The 2014 National Football League season is upon us, and Johnny Manziel is not the starting quarterback of the Cleveland Browns. Johnny Football has no meaningful NFL regular season playing time to discuss, and his off-field exploits (and on-field bird flipping) are well-chronicled in other corners of the Web, so we can turn our attention to matters involving the financing of Cleveland Browns Stadium, er, FirstEnergy Stadium, Home of the Cleveland Browns (hereinafter, “Browns Stadium” or “Stadium” – oh yes, we use defined terms in this blog).
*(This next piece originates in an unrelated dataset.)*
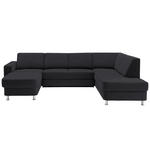 WOHNLANDSCHAFT  in Chenille Dunkelgrau  - Chromfarben/Dunkelgrau, Design, Kunststoff/Textil (165/301/198cm) - Xora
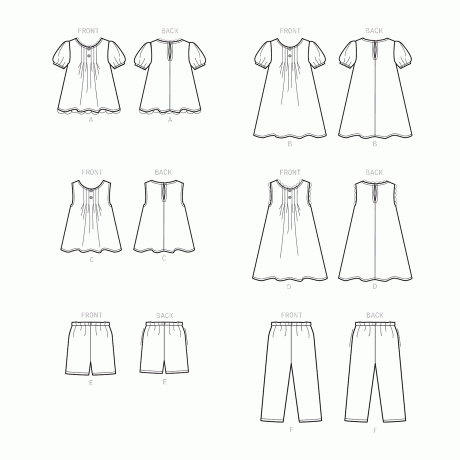 Simplicity Sewing Pattern S9321 Children's Tucked Tops, Dresses, Shorts and Pants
The City of Cleveland owns Browns Stadium and leases it to the Cleveland Browns. The City financed the construction of the Stadium with tax-exempt bonds, with over $100,000,000 of principal amount still outstanding. Because the lease between the City and the Browns imbues the Stadium, and thus the bonds that financed the Stadium, with private business use aplenty, the lease is structured so that far less than 10% of the debt service on the proceeds of the Stadium bonds is directly or indirectly derived from payments in respect of, or secured by, private business use property. The City pays the debt service on the vast majority of the Stadium bonds with amounts it receives from Cuyahoga County (the county of which Cleveland is the seat) from the County’s imposition of excise taxes on the sale of tobacco products and alcohol. The County’s sin tax constitutes a generally applicable tax that is not treated as a private payment or private security with respect to the Stadium bonds. This is a fairly typical structure that state and local governments use to finance on a tax-exempt basis stadiums that will be used by private parties.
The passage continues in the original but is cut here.